▶ _SUPPLIED RECORDS_:
++++

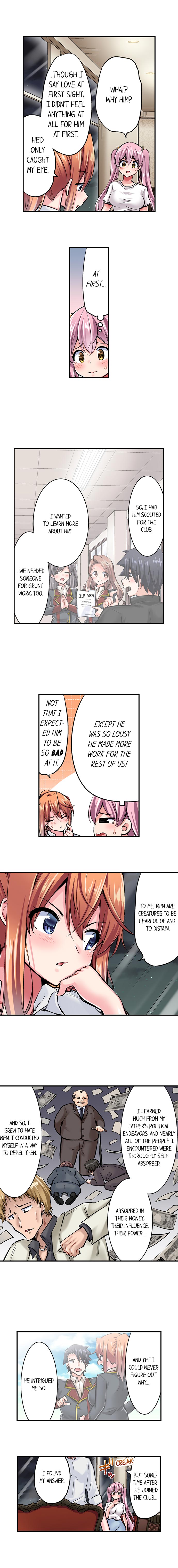 Cowgirl’s Riding-Position Makes Me Cum - Chapter 114 [photo 7] - MangaPorn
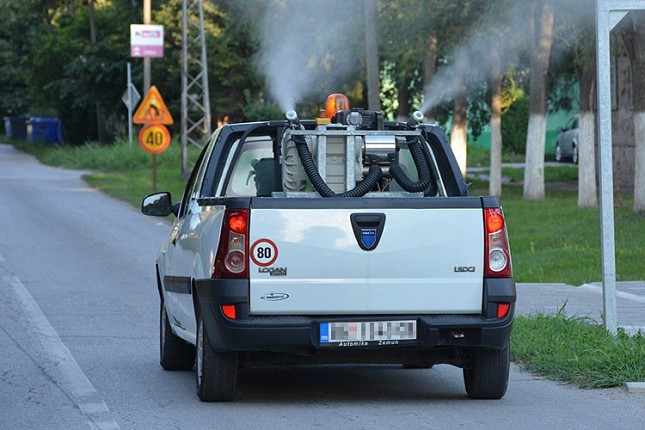 Suzbijanja komaraca u Subotici u planu od naredne sedmice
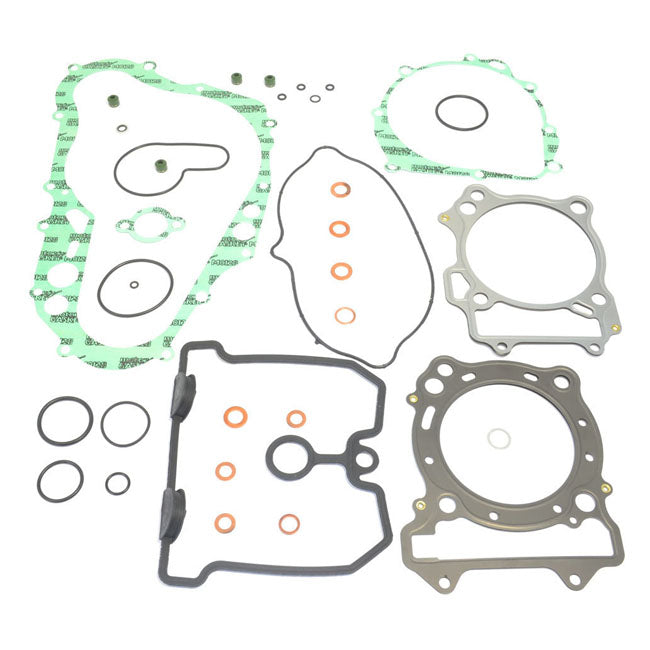 Athena, complete motor gasket kit — Suzuki: 00-15 DR-Z S 400cc; 05-15 DR-Z SM 400cc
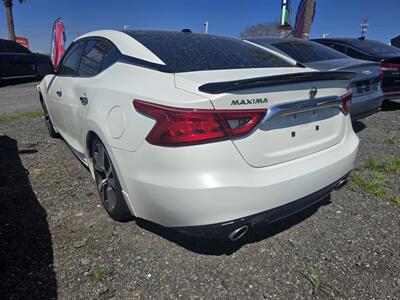 2016 Nissan Maxima 3.5 SL   - Photo 4 - Columbia, SC 29210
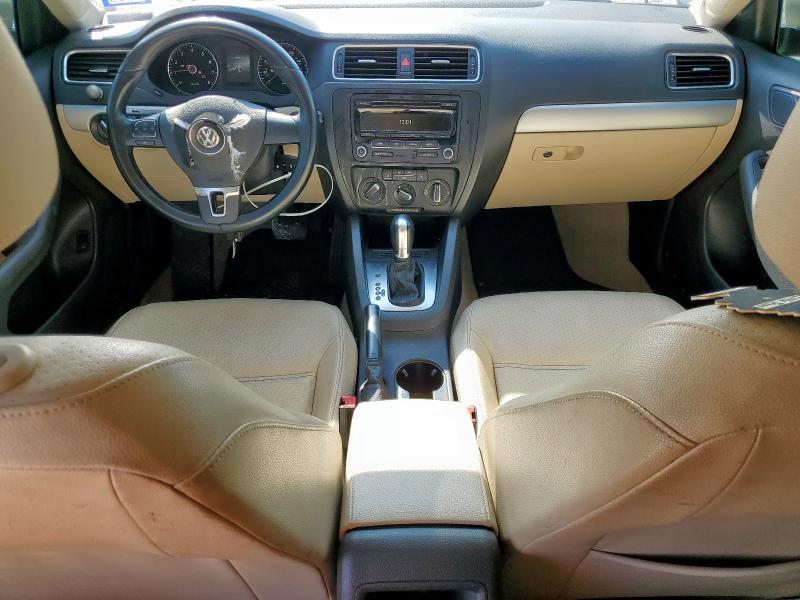 2014 VOLKSWAGEN JETTA SE - 3VWD07AJ0EM209130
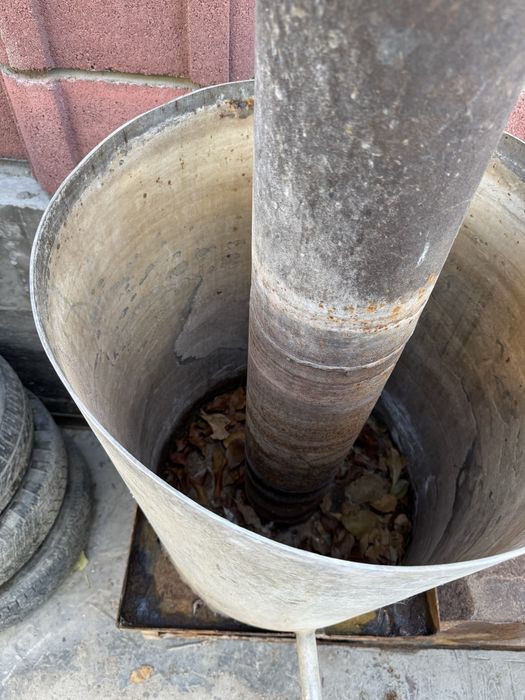 Печь для бани.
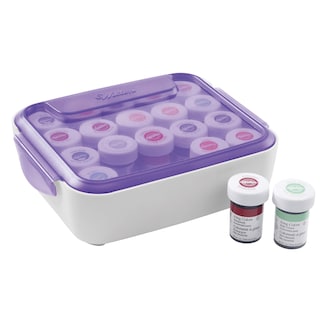 Foto 4 | Funda Organizadora De Colores Wilton, Blanco/morado, Para Decoración De Tartas - Venta Internacional.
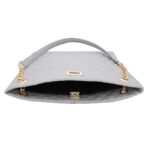 Price and Buy Stylish Leather Bag with Fashionable Chain Strap - Image 5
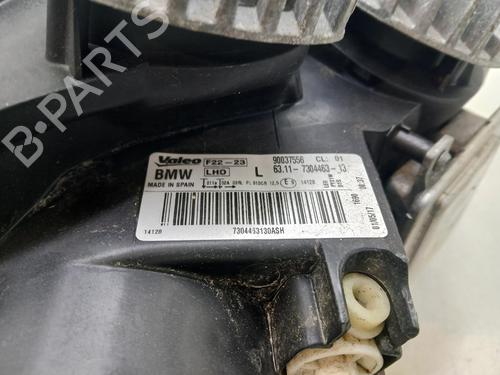 Venstre forlygte Venstre forlygte BMW 2 Convertible (F23) 218 i (136 hp) 37202891 37202891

++++

▶ _PROBLEM TO SOLVE_: Repeat the material line for line. Pictures stay out of the copy.

▶ _WRITTEN SOLUTION_:
 Cowgirl’s Riding-Position Makes Me Cum - Chapter 114 [photo 7] - MangaPorn
 Suzbijanja komaraca u Subotici u planu od naredne sedmice
 Athena, complete motor gasket kit — Suzuki: 00-15 DR-Z S 400cc; 05-15 DR-Z SM 400cc
 2016 Nissan Maxima 3.5 SL   - Photo 4 - Columbia, SC 29210
 2014 VOLKSWAGEN JETTA SE - 3VWD07AJ0EM209130
 Печь для бани.
 Foto 4 | Funda Organizadora De Colores Wilton, Blanco/morado, Para Decoración De Tartas - Venta Internacional.
 Price and Buy Stylish Leather Bag with Fashionable Chain Strap - Image 5
 Venstre forlygte Venstre forlygte BMW 2 Convertible (F23) 218 i (136 hp) 37202891 37202891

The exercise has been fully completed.